On Wednesdays through July, Great Lakes Echo will run a segment expected to become a building block of the finished story. You can help.

The Greening of Flint main page is where to post questions, suggest interviews, make comments or offer suggestions to help producers tell the story of a city trying to re-grow its roots literally and figuratively as a model for post-industrial revitalization. It also contains links to each of the published segments and tells which ones are coming up.

This week:

Central to the urban agriculture efforts and the move toward sustainable economic development in Flint is the debate on “shrinking the city” because of the large inventory of vacant, overgrown lots and abandoned homes. Estelle Holley or Mama E lives in one of Flint’s dead zones or no-service sections of the city. In this clip, she and Mayor Dayne Walling are on the same side of the debate.


Related stories:
Urban pioneers turn vacant lots verdant in Detroit
Inmates harvest food, savings, education and jobs from jail gardens
Growing Power sprouts in Wisconsin
Farm to Spork: Kids see fruits of partnering schools with farms
Shifting carbon from roads to roofs

3 thoughts on “Greening of Flint: Mama E and the Mayor

  1. Does the University have so much money it can afford to play with this? Greening!?! Greening what, to allow the gang bangers and dopers a more comfy place for business and killing? Come on, nice frippery, from the halls of wisdom, but greening is hardly the answer to Flint’s recovery. I think I must be missing some thing here in the whole mindset that this has any place in the discussion of helping Flint. What a non-issue when the rest of the town is being abandoned, burned and trashed. I know of more than one person who have just literally walked away from their homes and they were paid for, not behind on payments. But there is no reason to stay and every reason to get out. Greening. Nice, thoughtful, dreamy, but not practical or realistic.

  2. What it comes down to is the old saying “the greatest good for the greatest number of people.”
    Consider it this way: if you live in a 6-bedroom house, with a big family, and all the kids grow up and move out, then you’ve got too much house. You either sell the house, and get one that fits your new needs, or you do like my my mother-in-law: close off the upstairs so that you don’t waste energy to heat and cool the unneeeded space.

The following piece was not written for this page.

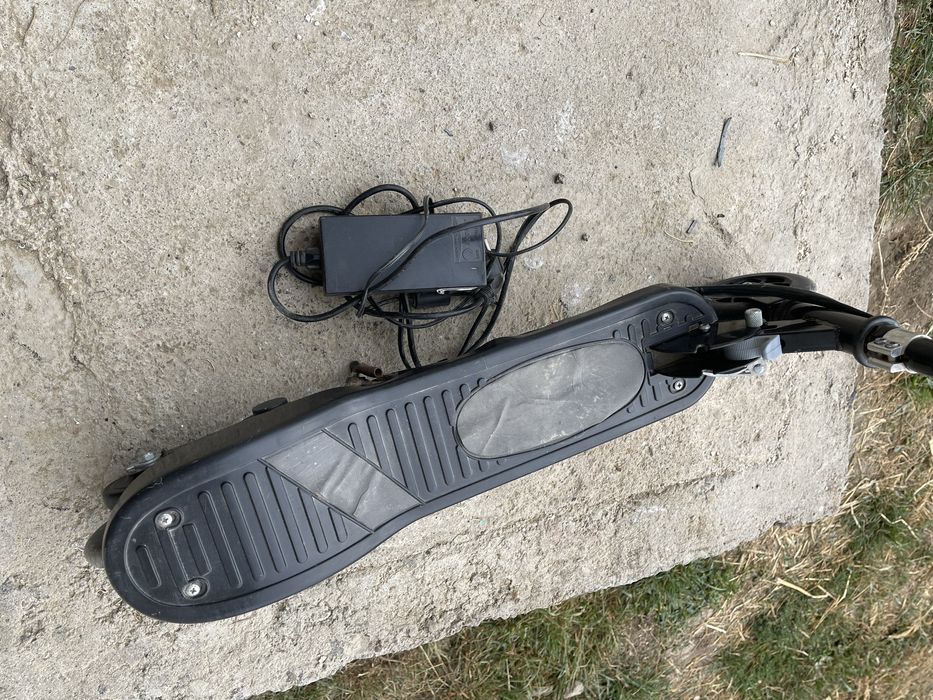 Дитячий електросамокат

    A similar situation holds true for post-industrial cities like Flint (and even more so, Detroit). They’ve got an urban infrastructre that was built for a much, much larger population, one that’s unlikely to return. So what do you do with limited resources? You consolidate, and focus on places that have more population density. It sounds harsh, and for people in the Dead Zone of Flint, it is harsh. But what’s the alternative? If you’re one resident, in a blighted neighborhood with blocks and blocks of vacant houses, then you are disproportionately using more than your share of resources such as police and fire coverage, sewer, utilities and street maintenance. To extend those services to a handful residents ends up costing the city far too much per capita. In a democracy, you’ve got to do what’s best for the majority, and until you do, everyone will suffer more because of it. And that’s an even larger injustice.

  3. I’m left with the impression that they just don’t get it…Mama E more than Walling in this case… It’s hard to quantify that statement, and frame in a context that’s helpful to the development of your documentary… Perhaps the best way to put it is neither of them, nor most of anyone else in this discussion, is one the same page (let alone the same side of the debate)and nothing is being done to change that–though I think things like this documentary are a part of improving everyone’s knowledge and education on the matter.

    Again, the notion of what ‘green’ is raises its head. She says “the city wants to make it a greener Flint.” I’m curious as to how she would support and back up that statement. What makes her say that? I’d like to see how she’s connecting her statements, understanding and experience to the mayor and his statements, understanding and experience. Who’s accountable for the ignorance?